お互いの不満を言い終わった後、ふは!と肩で息をする。暫くは息を整えていたが、先に呼吸を落ち着かせたツララギが、晴れた声色で「ねぇ」と話しかけてきた。

「サノトと一緒に住んでる奴って恋人なのか?」

「……ペット?」

「ペット?」

「いや、うん、冗談、…そうだな、一応こいびと?なのかな」

「ふうん?じゃあもしかして、それって首輪なの?」

「え?」

ツララギが自分の首に触れ小首を傾げてくる。多分、サノトのリボンの事を指しているのだろう。ああ、と頷き自分も首筋に触れる。

「前まで巻いてなかったよな?」

「うん、そう、ごねられたから昨日ちょっとね」

「そっか、…けど、婚約首輪リボンで済ませるとか、マジで金がねぇんだな」

「ははは…うんまあ」

これはどっちかというと成り行きだったんだけど、説明する程大した事でも無いのでそういう事にしておこう。

「サノト、金が無くても首輪あげたんだな」

「うーん」

「そいつの所為で金が無くても苛々しても、そっか、好きなんだな、そういうの俺好きだよ」

「…うーん、ありがとう」

適当に話を切り上げようとしたのだが、事態を重くみてくれたらしいツララギが、少し眉を顰めてから―――おもむろに立ち上がった。

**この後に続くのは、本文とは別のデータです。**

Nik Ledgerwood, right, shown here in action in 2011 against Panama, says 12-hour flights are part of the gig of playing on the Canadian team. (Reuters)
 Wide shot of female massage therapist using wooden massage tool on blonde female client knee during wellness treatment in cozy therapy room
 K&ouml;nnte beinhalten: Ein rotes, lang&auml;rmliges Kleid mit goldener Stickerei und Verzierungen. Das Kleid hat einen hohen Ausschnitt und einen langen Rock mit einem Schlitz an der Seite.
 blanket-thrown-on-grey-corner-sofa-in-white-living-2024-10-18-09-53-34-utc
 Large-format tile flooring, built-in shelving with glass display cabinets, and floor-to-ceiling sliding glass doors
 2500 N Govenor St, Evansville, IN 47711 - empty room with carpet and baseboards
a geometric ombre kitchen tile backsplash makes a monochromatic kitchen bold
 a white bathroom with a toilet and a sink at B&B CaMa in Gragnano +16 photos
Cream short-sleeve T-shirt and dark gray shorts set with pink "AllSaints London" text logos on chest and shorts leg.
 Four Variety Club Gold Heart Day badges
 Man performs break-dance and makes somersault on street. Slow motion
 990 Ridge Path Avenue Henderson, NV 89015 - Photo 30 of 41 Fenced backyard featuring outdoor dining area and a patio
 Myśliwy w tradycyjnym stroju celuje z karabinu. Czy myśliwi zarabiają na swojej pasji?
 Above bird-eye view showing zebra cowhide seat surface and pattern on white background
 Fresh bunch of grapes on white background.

「よっし!サノト、明日時間の良い時に俺の店来ない?」

「え?」

「実は俺ね、骨董美術と総合雑貨の店やってるんだ、サノトだったら分割大丈夫だし利息もまけとくよ?リボンも良いけどさ、首輪なんて一生ものだし、折角だからしっかり選びなって」

「え、いや、けど」

「遠慮すんなって!こっちだって何もタダでやるよって訳じゃないし!ほら、ともだちだって儲けに繋がる事だってあるし、軽く考えてよ、ああそうだ、丁度良かった、うち今良い装飾品を揃えてるんだ、首輪もあるから出来るだけ安く譲ってやるよ」

「あの、えっと」

「知り合いの投資家が最近出入りの変動に変な癖があったって言っててさ、元々人気高いシリーズ使った奴だし、もしかしたら良い当たりがくるかもしれないって言うから借入で大量に仕入れてみたんだよね」

「つらら」

「ああそうそう、大事な事言い忘れてた、シリーズはグランディアだよ、良いだろ?ついでに加工前の廃棄動力もいっぱい仕入れてみたんだけど売れるといいなぁ」

―――ぴたりと、飛躍した誤解を和らげようとした口が止まった。





「――という訳でさ、友達が色々見せてくれる事になったから、明日俺の仕事が終わったら一緒に行ってみようぜ、セイゴは都合どうだ?」

「僕?僕はいいよ、サノトが居ない時だけまぁ手伝おっかなって感じだったし、二人揃った時は二人で行って来れば?」

「ああ、わかった、…おい、アゲリハ」

事の顛末を晩飯ついでに伝えると、黙って真剣に聞いていた、かと思いきや盛大に眉を顰めたアゲリハが、ぶすっと唇を尖らせた。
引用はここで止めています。